Authors:	Zafar, Ujala¹ (AUTHOR), Hussain, Abrar^2,3 (AUTHOR), Baloch, Mahnoor¹ (AUTHOR), Shahzad, Khurram^2,3 (AUTHOR), Chawraba, Khaled^4,5 (AUTHOR), Mansoor, Muhammad Adil¹ (AUTHOR) adil.mansoor@sns.nust.edu.pk, Iqbal, Mudassir¹ (AUTHOR), Park, Sang Hyun^2,3 (AUTHOR) parksh@kaeri.re.kr
Source:	ChemCatChem. Apr2026, Vol. 18 Issue 8, p1-16. 16p.
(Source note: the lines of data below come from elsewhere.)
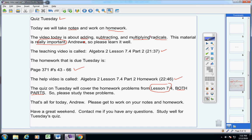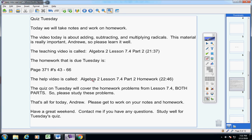Please study those two assignments. That's all for today. Please get to work on your notes and homework. Have a great weekend. Contact me if you have any questions, and please study well for Tuesday's quiz.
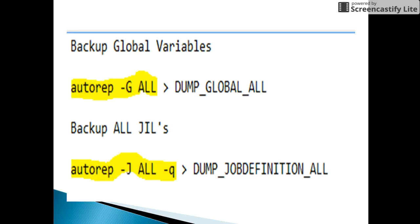Using autorep -g ALL (ALL in caps) will give the values of all global variables. If you want to take a backup of these values, you can redirect the output to a file. Here the file name used is dump_global_all — the file name can be anything, it is user-defined.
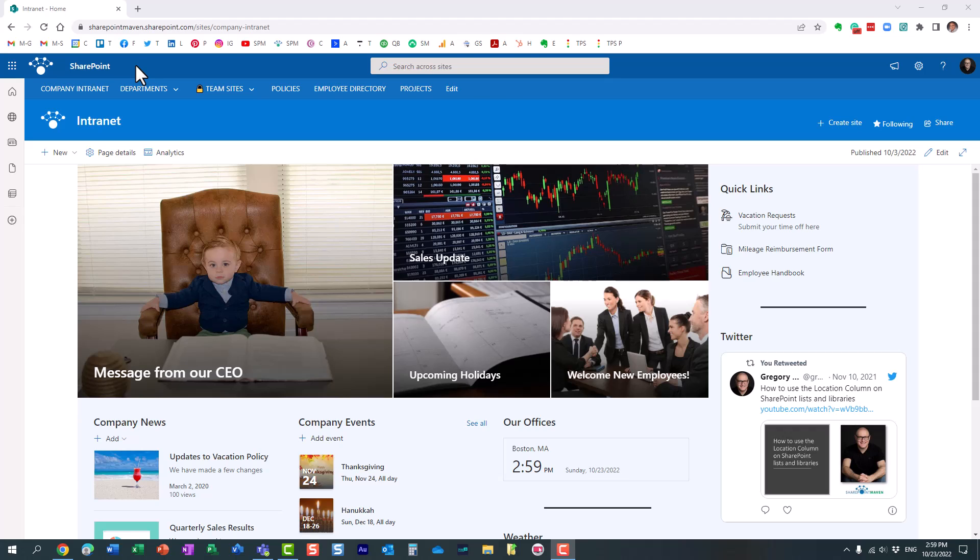Hello, this is Greg from SharePoint Maven, and in today's video I would like to show you and explain how you can set up alert policies within the compliance center in Microsoft 365.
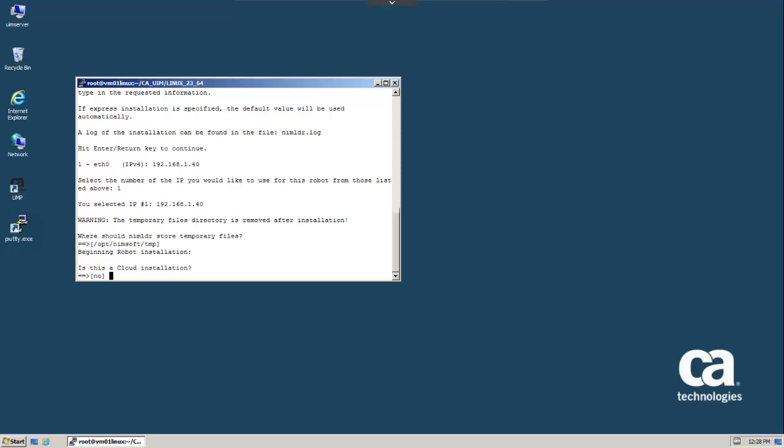We're now asked if this is a cloud installation. Typically the answer is no. If you select yes to this prompt, the Linux host will be built with empty component configuration files.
Subjects:	Thin films, Direct methanol fuel cells, Electrocatalysts, Chemical stability, Oxidation of methanol, Surface coatings
Abstract:	The commercialization of direct methanol fuel cells (DMFCs) is hindered by the high cost, limited durability, and sluggish kinetics of platinum‐based catalysts. To address these challenges, NiO/FTO, Mn2O3/FTO, and NiO–Mn2O3/FTO thin films were fabricated using a simple and low‐cost dip‐coating method. Structural and compositional analyses using SEM and EDS confirmed the formation of uniform and porous morphologies, while XRD and Raman spectroscopy verified the crystalline nature and phase formation of the materials. Among the prepared electrodes, the NiO– Mn2O3/FTO composite exhibited superior electrocatalytic activity for methanol oxidation, delivering a prominent anodic peak at 0.99 V and a maximum current density of 5.8 mA cm−2. At 0.65 V, it achieved a current density of 2.5 mA cm−2 in 1.4 M methanol at a scan rate of 100 mV s−1. Chronoamperometric measurements demonstrated good electrochemical stability, with 86% current retention after 2000 s. Electrochemical impedance spectroscopy further confirmed the enhanced charge‐transfer capability, showing a significantly lower charge‐transfer resistance (Rct) of 71 Ω compared with 349 Ω for NiO and 517 Ω for Mn2O3 electrodes. Overall, the NiO–Mn2O3/FTO thin film offers a cost‐effective, stable, and efficient catalytic system, demonstrating strong potential as an alternative anode material for DMFC applications. [ABSTRACT FROM AUTHOR]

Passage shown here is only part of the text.